SUMMARY OF THE INVENTION
The present invention comprises an active display device, in which particulate matter carried in a liquid, is circulated within a transparent container to simulate a winter snowfall or other scene. The present display device utilizes a motorized base driving a magnet and a magnetically attractive component in the bottom of the display, to agitate the liquid and particles therein.
This mechanism allows the display dome to be completely sealed, with no shafts, wiring, or other mechanical penetration of the device, thereby greatly reducing the likelihood of any leakage of the display component. This configuration also allows different displays to be placed interchangeably atop a single motorized base unit, allowing the owner of the device to select different displays for different holidays, occasions, or seasons of the year as desired. Moreover, the magnetic drive system of the present invention may be used to rotate a moving display floor or the like within the display portion of the assembly, if so desired, in addition to circulating and agitating the fluid therein. A stationary perforated plate is installed above the magnet within the bottom of the display (and beneath the display floor, if installed), with the perforated plate permitting circulation of the liquid driven by the magnetic actuator or rotor in the bottom of the display unit, while keeping particulate matter from passing beneath the bottom plate and interfering with the magnetic rotor of the agitating system.
As the single base of the device may drive any one of a number of different displays, the purchaser of the present display device need only purchase a single base unit and purchase display units for removable placement atop the base unit as desired.
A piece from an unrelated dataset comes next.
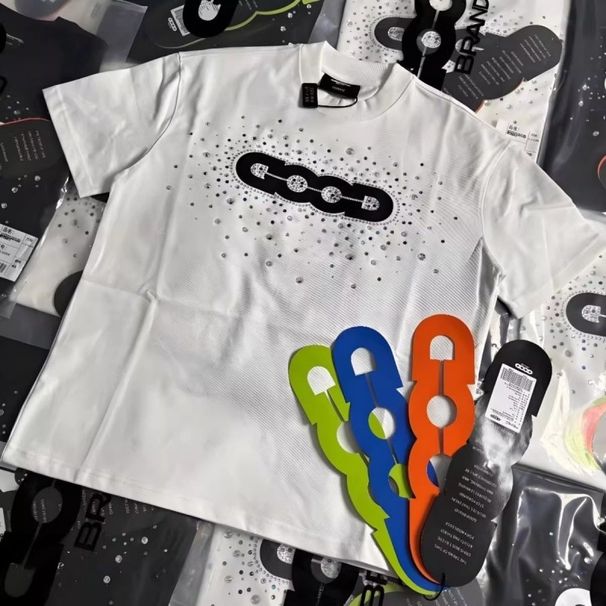 Wang Sulong Light Luxury Gemstone Short Sleeve T-Shirt And Long Sleeve Sweatshirt For Men And Women Colorful Candy Holiday Style_viptrois.com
The base unit may thus include a variety of additional features and functions (e.g., radio, tape and/or CD player, remote actuation, etc.), as these features and functions need be purchased only once, when the single base unit is purchased.
Accordingly, it is a principal object of the invention to provide an active display device comprising a transparent, liquid filled display unit containing freely moving particulate matter within the liquid, and automated means for circulating the fluid and particulate matter within the display.
It is another object of the invention to provide such an active display device including magnetic means for circulating the fluid, with a drive motor contained within a separate base unit and magnetic rotor or agitator contained within the display unit, with the display unit being removable from the base unit and with no mechanical interconnection between the two components.
It is a further object of the invention to provide such an active display device including means for precluding passage of the particulate matter directly through the area of the rotor or agitator disposed within the bottom of the display unit.
Still another object of the invention is to provide means for magnetically moving a panel within the display unit, by driving the panel magnetically from a magnetic actuator within the base component.
It is an object of the invention to provide improved elements and arrangements thereof for the purposes described which is inexpensive, dependable and fully effective in accomplishing its intended purposes.
These and other objects of the present invention will become readily apparent upon further review of the following specification and drawings.